If you have been reading the security press you will have noticed that an increasing number of loyalty card schemes are reporting compromise recently, the most recent being British Airways’ frequent flier programme this week.
Taken in isolation, the compromise of a few loyalty card accounts here or there may not seem like a major issue, but if you scratch under the skin about the root cause, net impact, real cost and potential impact to the individual, the individual’s friends and family and potentially the individual’s business data, this trend cannot be ignored.
First of all let us look at The Why? Seemingly inconsequential ‘victimless’ crime; Exploiting compromised loyalty accounts, adds up to real value when scaled up and the gains laundered or fenced through crime gangs via a chain of mules and mule handlers.
This means that compromised credentials for unique usernames (usually email addresses) have a currency – it is a numbers game. The value of this data increases with the vendor’s reputation, meaning that the trend amongst vendors of compromised accounts is to test them against a plethora of online systems (think loyalty schemes, utility companies, email accounts).
What about The How? The proliferation of malware such as Zeus, Vawtrak et al means that the bad guys have been harvesting credentials for one system or another for years now, across millions of infected machines. Although primarily designed to gather online banking credentials, they have collected a huge number of username and password details not directly exploitable for Plan A.
Cut to a secondary market in valid credentials which can be bundled and sold, and ARE being bundled and sold to sophisticated crime gangs who can mobilise and scale resources to test, exploit and monetise the details through any number of techniques, with a relatively low risk of detection, arrest, prosecution or any serious prison time. Given that customers rarely log in to loyalty card systems, detection is very uncertain.
As with all well managed assets, we can rest assured that these details will be tested against the full range of online services available. Furthermore, it is certain that any enterprise portals requiring only username and password will be subject to attack and, if successful, possible handoff to a quite worrying tertiary marketplace.
We would urge our customers to recommend that staff refrain from using their business email addresses for personal online services and furthermore they use different passwords for all online services to which they are registered.

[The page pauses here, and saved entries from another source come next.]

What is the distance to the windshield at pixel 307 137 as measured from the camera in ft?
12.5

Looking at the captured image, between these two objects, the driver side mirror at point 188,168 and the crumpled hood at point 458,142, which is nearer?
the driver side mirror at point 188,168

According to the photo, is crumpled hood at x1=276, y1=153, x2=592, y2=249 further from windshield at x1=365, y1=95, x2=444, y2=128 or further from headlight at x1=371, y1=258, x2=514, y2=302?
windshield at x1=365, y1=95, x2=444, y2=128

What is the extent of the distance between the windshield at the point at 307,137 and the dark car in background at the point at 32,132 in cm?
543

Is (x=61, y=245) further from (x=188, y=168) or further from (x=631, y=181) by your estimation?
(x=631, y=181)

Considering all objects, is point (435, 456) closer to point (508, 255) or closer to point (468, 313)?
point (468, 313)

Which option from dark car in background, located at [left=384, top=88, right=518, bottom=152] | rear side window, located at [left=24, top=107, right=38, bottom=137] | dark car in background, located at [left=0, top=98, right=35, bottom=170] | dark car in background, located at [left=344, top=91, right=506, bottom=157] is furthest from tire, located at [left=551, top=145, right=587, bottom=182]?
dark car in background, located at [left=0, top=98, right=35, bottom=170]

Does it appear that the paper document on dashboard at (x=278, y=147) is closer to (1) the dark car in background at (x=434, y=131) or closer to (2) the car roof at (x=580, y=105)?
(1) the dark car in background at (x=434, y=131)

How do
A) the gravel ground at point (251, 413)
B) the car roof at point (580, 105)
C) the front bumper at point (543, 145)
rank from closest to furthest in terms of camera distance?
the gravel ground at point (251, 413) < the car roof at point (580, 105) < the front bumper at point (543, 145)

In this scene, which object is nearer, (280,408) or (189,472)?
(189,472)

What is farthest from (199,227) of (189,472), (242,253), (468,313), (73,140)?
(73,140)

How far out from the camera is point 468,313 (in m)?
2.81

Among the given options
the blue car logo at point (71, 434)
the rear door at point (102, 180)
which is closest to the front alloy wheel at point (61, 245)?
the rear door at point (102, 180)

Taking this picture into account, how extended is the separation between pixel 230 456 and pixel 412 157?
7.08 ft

There are online resources, which claim to have databases of known compromised accounts such as: https://haveibeenpwned.com/
(As mentioned in our September 2014 blog), which may be worth checking, should someone smell a rat.
As ever, we recommend that all external access to your resources are subject to two-factor authentication and that you monitor your perimeter for brute force login attempts and access from obfuscated IP addresses such as known rogue proxies or TOR exit nodes, all of which are standard features of ITC’s NetSure360 managed security service.